LIKE RIDING A BIKE…

Luke 8.22–25 ESV 

 
22 One day he got into a boat with his disciples, and he said to them, “Let us go across to the other side of the lake.” So they set out, 

23 and as they sailed he fell asleep. And a windstorm came down on the lake, and they were filling with water and were in danger.

24 And they went and woke him, saying, “Master, Master, we are perishing!” And he awoke and rebuked the wind and the raging waves, and they ceased, and there was a calm.

25 He said to them, “Where is your faith?” And they were afraid, and they marveled, saying to one another, “Who then is this, that he commands even winds and water, and they obey him?”


Growing up, riding a bike was an essential part of being a typical American kid. The desire often began with watching the older kids zoom down the sidewalk, go places you couldn’t normally go, or do things that seemed cool and borderline dangerous. It made you want to ride, until the time came to actually get one one. 

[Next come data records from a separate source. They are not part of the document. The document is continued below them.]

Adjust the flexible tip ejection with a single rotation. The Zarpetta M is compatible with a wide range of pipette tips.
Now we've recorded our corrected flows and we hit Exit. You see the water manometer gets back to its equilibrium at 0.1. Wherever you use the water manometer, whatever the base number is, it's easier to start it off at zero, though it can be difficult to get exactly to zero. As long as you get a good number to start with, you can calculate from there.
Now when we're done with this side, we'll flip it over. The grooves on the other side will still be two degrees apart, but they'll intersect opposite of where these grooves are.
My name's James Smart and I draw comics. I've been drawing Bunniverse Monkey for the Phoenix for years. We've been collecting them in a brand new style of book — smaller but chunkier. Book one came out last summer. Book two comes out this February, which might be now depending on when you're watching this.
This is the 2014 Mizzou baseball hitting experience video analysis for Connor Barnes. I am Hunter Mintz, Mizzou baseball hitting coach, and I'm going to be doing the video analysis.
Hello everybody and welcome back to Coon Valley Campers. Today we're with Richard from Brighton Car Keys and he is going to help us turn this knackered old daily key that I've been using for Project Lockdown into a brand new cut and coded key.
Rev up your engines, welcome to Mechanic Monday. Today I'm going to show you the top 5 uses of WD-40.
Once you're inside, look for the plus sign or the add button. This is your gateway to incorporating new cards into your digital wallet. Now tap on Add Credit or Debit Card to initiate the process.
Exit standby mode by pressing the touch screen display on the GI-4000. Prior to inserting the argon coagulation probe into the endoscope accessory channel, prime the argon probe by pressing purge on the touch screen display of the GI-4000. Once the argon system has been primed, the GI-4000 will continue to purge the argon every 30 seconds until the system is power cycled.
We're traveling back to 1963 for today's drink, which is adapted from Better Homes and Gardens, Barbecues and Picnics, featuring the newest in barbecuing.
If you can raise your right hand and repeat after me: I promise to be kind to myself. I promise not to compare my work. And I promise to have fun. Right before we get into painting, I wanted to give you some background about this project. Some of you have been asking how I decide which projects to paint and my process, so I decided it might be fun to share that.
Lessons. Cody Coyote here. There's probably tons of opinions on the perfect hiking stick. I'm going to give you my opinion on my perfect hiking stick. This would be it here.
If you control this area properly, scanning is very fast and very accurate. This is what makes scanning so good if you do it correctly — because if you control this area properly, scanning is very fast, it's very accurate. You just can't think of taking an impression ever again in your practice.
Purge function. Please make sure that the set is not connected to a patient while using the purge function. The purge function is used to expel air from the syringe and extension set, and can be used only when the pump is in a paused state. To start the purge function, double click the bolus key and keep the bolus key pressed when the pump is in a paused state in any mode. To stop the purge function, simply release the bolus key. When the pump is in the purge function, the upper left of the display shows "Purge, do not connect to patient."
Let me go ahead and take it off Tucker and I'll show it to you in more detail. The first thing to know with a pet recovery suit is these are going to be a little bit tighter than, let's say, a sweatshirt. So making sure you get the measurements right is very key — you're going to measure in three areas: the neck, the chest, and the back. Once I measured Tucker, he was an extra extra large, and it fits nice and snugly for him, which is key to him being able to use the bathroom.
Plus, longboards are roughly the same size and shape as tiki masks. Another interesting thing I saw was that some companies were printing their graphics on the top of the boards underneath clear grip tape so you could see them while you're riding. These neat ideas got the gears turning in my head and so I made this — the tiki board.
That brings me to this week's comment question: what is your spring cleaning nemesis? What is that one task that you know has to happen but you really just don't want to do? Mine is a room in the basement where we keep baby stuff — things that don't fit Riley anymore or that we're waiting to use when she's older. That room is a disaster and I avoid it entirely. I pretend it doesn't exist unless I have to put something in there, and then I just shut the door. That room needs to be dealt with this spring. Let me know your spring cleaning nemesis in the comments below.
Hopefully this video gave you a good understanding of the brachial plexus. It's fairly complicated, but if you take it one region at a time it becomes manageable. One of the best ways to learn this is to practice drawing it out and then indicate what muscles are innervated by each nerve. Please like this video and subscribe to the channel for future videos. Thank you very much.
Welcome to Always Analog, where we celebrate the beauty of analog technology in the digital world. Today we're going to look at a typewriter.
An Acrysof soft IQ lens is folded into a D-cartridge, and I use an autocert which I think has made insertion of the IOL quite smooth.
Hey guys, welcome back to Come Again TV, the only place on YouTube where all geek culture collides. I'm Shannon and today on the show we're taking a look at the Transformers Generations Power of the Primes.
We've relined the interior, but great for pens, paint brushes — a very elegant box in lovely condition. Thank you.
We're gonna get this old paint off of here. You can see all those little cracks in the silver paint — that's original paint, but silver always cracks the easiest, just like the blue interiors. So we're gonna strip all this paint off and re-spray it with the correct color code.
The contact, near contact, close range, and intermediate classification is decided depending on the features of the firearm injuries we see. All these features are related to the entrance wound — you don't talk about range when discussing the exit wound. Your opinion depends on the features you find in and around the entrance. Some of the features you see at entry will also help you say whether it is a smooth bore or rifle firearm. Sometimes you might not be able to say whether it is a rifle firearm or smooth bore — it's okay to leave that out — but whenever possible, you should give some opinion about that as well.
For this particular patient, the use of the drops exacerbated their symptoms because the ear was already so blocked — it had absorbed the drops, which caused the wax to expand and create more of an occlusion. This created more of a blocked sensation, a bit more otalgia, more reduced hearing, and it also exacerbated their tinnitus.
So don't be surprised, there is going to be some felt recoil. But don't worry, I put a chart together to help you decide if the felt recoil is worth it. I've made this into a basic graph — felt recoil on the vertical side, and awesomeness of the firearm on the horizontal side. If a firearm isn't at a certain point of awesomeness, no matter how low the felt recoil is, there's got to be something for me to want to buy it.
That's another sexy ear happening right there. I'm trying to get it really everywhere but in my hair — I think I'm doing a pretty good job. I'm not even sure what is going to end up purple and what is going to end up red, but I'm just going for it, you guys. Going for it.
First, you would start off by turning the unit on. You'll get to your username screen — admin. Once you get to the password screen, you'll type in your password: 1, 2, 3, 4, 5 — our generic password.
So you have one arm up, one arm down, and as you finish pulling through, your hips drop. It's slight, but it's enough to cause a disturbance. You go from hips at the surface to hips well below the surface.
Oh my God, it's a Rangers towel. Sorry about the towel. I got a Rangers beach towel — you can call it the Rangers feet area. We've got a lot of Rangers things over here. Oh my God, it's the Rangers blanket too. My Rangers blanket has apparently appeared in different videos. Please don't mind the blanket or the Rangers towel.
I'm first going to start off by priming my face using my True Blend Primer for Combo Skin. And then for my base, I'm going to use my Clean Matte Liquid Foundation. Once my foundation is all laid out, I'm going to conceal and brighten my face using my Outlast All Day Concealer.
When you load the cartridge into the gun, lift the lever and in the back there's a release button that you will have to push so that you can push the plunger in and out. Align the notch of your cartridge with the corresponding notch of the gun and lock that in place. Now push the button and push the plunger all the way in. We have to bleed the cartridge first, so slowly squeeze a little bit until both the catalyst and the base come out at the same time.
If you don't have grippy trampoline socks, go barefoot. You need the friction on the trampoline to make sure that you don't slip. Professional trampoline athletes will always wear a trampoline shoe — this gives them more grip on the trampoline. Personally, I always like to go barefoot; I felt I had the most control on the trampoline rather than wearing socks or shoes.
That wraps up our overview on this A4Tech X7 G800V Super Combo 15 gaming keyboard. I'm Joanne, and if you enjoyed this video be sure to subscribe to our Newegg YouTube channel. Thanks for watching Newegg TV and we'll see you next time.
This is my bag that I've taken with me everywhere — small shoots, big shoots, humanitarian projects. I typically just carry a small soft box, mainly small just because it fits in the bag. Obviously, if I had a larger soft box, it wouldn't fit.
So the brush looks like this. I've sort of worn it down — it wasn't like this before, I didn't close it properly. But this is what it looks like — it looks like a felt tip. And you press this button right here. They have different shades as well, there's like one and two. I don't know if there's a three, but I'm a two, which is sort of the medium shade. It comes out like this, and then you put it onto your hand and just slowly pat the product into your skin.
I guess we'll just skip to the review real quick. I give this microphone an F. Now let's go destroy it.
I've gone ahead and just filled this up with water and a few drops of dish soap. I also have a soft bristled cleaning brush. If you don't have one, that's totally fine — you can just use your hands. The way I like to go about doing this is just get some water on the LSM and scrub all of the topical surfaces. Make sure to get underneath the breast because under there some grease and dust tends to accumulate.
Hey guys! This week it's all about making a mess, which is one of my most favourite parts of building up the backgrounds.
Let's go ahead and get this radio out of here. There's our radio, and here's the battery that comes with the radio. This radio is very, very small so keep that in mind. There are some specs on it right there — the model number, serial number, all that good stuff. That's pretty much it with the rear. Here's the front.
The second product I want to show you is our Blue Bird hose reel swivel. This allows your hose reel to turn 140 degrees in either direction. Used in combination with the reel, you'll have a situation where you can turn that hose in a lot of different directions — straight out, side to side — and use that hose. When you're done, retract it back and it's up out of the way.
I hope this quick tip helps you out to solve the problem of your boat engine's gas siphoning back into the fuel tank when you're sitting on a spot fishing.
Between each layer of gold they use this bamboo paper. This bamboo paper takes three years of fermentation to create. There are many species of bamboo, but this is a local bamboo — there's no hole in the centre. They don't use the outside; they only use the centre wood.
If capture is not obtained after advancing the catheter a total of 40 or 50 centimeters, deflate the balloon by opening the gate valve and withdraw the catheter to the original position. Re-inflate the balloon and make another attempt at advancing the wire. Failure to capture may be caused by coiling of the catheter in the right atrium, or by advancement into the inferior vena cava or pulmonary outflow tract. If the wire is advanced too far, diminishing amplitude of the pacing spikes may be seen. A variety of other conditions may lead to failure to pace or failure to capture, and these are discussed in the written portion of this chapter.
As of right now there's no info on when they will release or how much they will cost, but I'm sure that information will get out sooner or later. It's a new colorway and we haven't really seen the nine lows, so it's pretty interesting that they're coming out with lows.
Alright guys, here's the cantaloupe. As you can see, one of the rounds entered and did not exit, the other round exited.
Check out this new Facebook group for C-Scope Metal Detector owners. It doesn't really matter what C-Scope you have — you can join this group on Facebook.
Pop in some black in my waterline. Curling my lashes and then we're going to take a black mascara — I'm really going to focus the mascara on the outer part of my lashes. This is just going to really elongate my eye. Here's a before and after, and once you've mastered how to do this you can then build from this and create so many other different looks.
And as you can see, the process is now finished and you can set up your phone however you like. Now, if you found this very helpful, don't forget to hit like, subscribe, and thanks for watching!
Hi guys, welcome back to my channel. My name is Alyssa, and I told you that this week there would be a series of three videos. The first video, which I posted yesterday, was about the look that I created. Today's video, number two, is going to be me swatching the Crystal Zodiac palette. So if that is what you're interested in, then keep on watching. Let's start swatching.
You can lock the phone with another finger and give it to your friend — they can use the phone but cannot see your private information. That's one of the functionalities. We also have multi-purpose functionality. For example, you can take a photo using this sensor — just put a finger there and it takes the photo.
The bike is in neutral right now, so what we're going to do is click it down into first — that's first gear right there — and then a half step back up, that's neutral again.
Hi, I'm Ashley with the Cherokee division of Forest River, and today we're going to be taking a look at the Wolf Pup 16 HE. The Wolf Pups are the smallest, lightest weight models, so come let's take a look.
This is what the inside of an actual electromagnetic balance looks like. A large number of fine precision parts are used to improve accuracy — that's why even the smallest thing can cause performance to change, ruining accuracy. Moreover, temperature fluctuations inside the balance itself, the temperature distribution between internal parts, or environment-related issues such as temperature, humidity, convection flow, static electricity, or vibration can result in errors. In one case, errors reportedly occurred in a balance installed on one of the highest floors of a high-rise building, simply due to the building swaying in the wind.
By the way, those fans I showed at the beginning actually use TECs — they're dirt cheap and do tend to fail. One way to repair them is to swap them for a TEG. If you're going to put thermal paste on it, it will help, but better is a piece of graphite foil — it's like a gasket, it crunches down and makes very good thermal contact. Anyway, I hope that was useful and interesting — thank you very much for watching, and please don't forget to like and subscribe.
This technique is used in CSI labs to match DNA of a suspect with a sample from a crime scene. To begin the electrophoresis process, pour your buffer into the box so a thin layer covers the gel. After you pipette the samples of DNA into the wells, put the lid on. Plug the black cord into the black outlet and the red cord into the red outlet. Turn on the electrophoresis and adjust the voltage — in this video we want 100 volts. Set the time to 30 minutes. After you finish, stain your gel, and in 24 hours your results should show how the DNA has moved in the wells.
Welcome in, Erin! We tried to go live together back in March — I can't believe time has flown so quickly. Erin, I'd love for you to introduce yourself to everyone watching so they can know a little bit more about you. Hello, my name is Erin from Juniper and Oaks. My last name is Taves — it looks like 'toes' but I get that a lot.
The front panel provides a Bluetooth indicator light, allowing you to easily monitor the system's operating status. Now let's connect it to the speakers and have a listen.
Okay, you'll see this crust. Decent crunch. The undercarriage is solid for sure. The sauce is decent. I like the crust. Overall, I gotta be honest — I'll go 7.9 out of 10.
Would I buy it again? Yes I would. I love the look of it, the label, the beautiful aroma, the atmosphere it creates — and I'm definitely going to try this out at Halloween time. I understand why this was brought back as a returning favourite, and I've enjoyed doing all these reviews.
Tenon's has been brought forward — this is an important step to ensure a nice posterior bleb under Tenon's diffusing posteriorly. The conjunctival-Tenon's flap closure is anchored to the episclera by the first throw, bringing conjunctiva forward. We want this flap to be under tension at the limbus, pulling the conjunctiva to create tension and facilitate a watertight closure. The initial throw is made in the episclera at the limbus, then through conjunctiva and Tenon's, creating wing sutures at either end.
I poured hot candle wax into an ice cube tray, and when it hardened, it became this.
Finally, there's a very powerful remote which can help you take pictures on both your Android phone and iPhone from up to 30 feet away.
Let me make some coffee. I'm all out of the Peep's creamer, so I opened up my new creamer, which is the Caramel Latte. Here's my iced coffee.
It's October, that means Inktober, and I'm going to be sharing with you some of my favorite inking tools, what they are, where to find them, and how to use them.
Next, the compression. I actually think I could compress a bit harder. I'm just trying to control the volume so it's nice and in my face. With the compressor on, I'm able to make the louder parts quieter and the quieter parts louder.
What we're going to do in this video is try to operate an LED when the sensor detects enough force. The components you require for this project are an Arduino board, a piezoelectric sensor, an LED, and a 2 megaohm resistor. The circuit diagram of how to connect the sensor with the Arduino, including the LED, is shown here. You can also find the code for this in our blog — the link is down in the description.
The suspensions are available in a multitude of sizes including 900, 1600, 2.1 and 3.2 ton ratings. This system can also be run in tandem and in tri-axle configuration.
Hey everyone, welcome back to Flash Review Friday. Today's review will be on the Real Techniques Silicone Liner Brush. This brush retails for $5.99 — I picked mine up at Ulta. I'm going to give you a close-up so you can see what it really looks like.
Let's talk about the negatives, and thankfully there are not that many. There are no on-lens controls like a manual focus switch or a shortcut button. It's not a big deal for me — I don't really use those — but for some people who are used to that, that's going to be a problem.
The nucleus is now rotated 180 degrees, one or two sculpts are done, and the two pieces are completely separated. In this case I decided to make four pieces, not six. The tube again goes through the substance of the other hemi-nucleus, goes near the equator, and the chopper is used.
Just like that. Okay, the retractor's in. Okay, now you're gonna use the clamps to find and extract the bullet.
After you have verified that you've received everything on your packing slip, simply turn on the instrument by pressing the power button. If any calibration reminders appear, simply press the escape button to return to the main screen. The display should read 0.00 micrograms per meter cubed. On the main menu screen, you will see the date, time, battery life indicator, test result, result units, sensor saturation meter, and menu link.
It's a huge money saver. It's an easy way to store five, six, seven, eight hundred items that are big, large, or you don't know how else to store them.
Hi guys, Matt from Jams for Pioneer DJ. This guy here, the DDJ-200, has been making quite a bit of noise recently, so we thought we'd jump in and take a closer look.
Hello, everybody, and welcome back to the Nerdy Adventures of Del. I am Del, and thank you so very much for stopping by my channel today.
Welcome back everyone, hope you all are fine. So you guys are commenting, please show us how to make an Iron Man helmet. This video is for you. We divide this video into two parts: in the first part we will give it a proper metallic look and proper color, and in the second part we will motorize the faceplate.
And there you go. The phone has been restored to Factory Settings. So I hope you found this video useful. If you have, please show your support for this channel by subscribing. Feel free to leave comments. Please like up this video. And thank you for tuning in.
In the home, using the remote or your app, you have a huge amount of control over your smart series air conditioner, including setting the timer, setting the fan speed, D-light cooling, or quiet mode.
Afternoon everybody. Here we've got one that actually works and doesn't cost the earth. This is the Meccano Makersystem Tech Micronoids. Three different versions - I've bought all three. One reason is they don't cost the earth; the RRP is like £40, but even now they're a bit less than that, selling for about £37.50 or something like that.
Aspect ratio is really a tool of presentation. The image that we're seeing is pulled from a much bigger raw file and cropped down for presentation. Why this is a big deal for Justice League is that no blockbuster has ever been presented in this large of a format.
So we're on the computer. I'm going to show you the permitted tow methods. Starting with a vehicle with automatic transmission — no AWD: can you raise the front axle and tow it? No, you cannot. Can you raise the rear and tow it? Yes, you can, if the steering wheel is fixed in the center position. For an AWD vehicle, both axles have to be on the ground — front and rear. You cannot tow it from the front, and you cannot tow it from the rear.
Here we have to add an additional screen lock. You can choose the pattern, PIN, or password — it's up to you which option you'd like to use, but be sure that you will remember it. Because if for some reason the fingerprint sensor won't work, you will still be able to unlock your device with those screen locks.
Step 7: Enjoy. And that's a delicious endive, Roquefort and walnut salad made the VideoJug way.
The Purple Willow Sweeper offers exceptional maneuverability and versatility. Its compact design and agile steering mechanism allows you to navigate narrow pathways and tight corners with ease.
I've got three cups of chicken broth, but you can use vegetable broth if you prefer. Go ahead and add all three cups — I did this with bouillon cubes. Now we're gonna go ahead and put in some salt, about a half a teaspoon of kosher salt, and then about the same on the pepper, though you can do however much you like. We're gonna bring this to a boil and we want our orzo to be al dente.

On some level you have to admit that it was a bit scary at first, the idea of balancing on two wheels without any help, hoping not to fall and hurt yourself. 

Now, I’m not a risk taker and I’m bit cautious. As a child I rarely took a chance. So jumping on a two wheeled death trap and pointing myself down hill was the last thing I wanted to do. But it was so cool, watching the other kids on their bikes. And yes, in the end, the desire to fly across the pavement won out and I asked for a bike for Christmas, which is also my birthday, so I knew it was a sure thing. 

On December 25, 1988, my 7th birthday, there was a brand new royal blue Huffy bike next to the tree. I couldn’t wait to try it out…but I did wait, because even though I got exactly what I wanted I was terrified to actually ride it. 

How was this going to work? I’d tried to ride my friends bikes, which usually ended with me going sideways and ending up on the concrete with a skinned knee. My dad was determined to get me up and riding that new bike, so one Saturday afternoon he had me out in the front yard. Its almost funny now but I was so scared. For me there was nothing more frightening than the idea of my dad letting go of the bike.   

I don’t know what technique your bicycle coach used but my dad stood on the left side of the bike, with one hand on the handle bar and the other grasping the back of the seat. He would push the bike for me, letting me get a feel of the bike in motion and a feel for what balancing was like. He then worked on peddling, encouraging me to put more and more weight on the peddles. 

After a while, I was pretty much peddling on my own but my steering was terrible. We’d work on that, him holding the bike up, and just when I had that down we’d have to go back and work on peddling again. God bless him, it took a ridiculous amount of patience to work with a kid who couldn’t stop thinking about falling off. Why couldn’t I trust my dad? Why couldn’t I trust in his presence, in the skills he was instilling in me? 

The disciples in our text are no different. They had seen Jesus work and there’s no doubt from the testimony of the four Gospels that they desired to do the work Jesus did. Jesus says in the Gospel of John that the disciples would do greater things than He did (John 14.12). But there is a fear that holds them back from doing extraordinary things. 

If they would just trust in His presence, trust in His hand at their back. If they would trust in the power that He instills in them through faith. And that is the issue, is it not? That pesky fear that sits in the place of faith. The question that struck my heart this week was Jesus’ question to them, after calming the storm, when He said, “Where is your faith?” 

That’s it, isn’t it?! We look at what is going on outside of us, around us, beside us, and inside us and Jesus is calling out, “Where is your faith?” To me, it almost sounded like Jesus was telling me to go and get it, like I had forgotten it or left it somewhere; like it was out back in the utility shed. 

But when we develop even the slightest faith, faith as small as a mustard seed even, we can move mountains or even calm storms.   

Since Jesus’ main focus was salvation, the lesson reveals itself as trusting in what Jesus has done FOR us, no matter how bad or crazy things seem. He calls out to us, “Where is your faith?” But hear it like this, “Where is your faith? Go and get it. Put it in your pocket; wear it on your back; carry it with you every where you go. Plant it deep in the soil of your heart and let it yield strength, peace, and assurance.”  

The fearful disciples exclaimed after the storm calmed, “Who is this, that even the wind and the waves obey Him?” But if we take up our faith, if we have it with us we can say before the storm comes, “I serve the One whom the wind and waves obey!” This is the cry of people who have claimed the victory of the cross, the people who exercise faith instead of fear. 

Call upon the Lord today, whether before, during, or after the storm. May you go today knowing that He is Lord over all things—Lord over life and over death; Lord over the calm and over the calamity; Lord over faith and over fear. But claim faith today, the power God has given you over fear, and hear His forever words of “Peace, be still.” Amen.